Aim of the exercise | Taking the line with "LILTSDRAE RV Lights" as the first, copy every line through the end of the records below exactly. Do not include pictures.

Material provided |
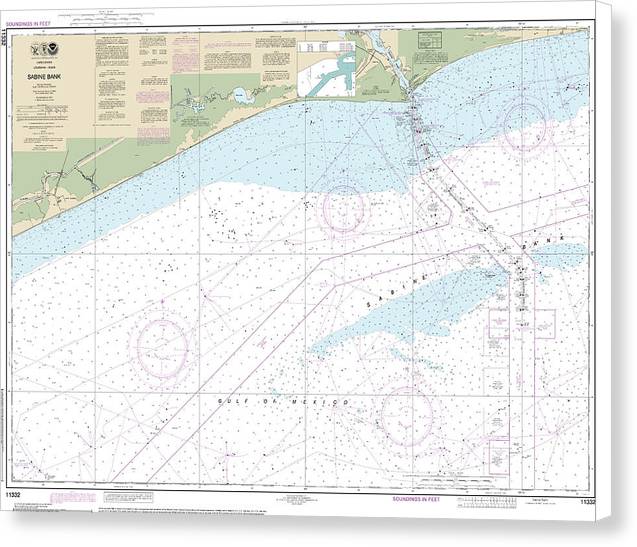 Nautical Chart-11332 Sabine Bank - Canvas Print
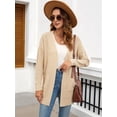 thumbnail image 6 of Women'S Casual Solid Color Long Placket Sweater Soft Knit Oversized Cardigan for Women Jacket Cream White S, 6 of 9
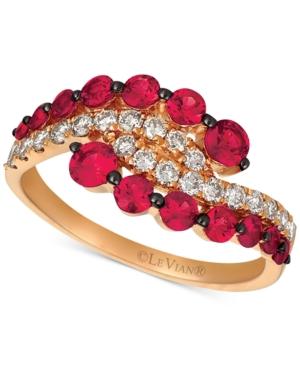 Le Vian Rhodolite Garnet (1 Ct. T.w.) & Diamond (3/4 Ct. T.w.) Tiara Ring In 14k Rose Gold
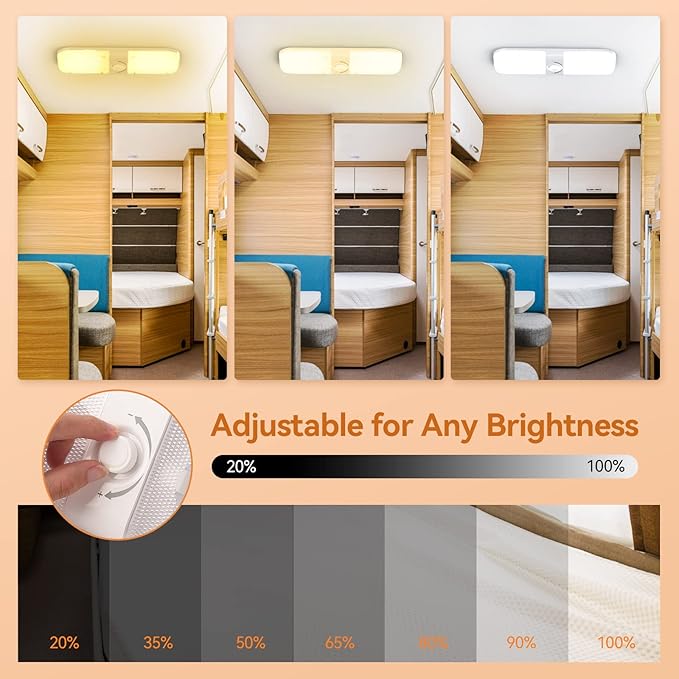 LILTSDRAE RV Lights Interior 1700LM，3 Color 12V Volt Led Light, Super Bright 120 LEDs Dome Light Fixture for RV Accessories/Camper/Car/Trailer/Boat (Crystal Finish/(Cold +Warm+Natural Light) 4PCS)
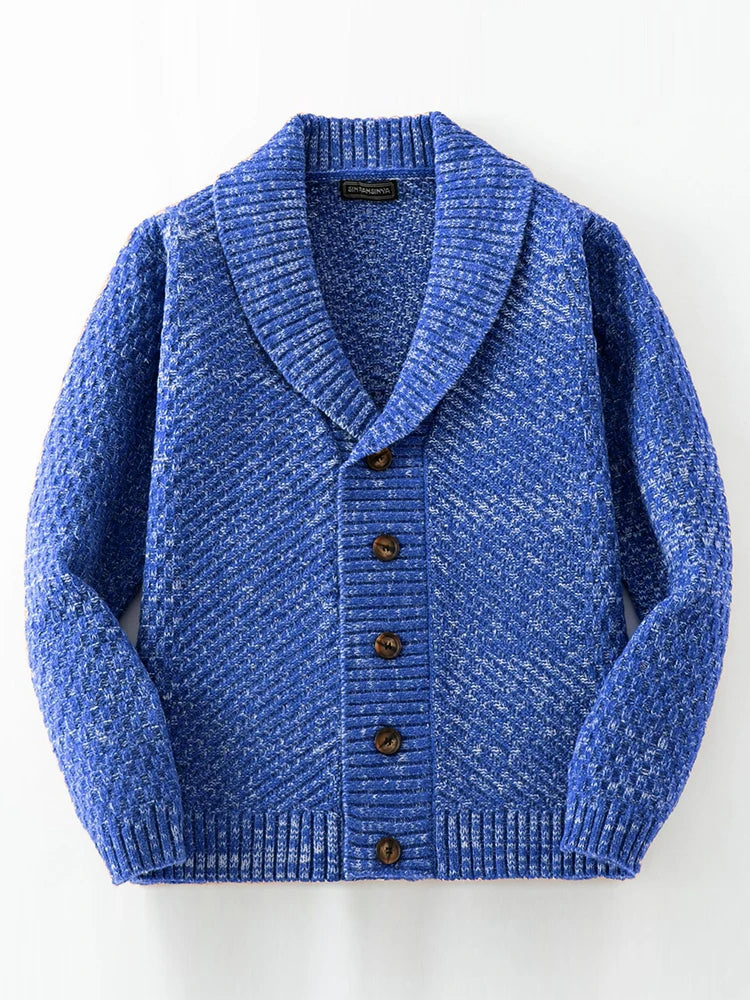 Soft Classic Mens Cardigan - Shawl Collar, Knit, Casual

Answer below |
 LILTSDRAE RV Lights Interior 1700LM，3 Color 12V Volt Led Light, Super Bright 120 LEDs Dome Light Fixture for RV Accessories/Camper/Car/Trailer/Boat (Crystal Finish/(Cold +Warm+Natural Light) 4PCS)
 Soft Classic Mens Cardigan - Shawl Collar, Knit, Casual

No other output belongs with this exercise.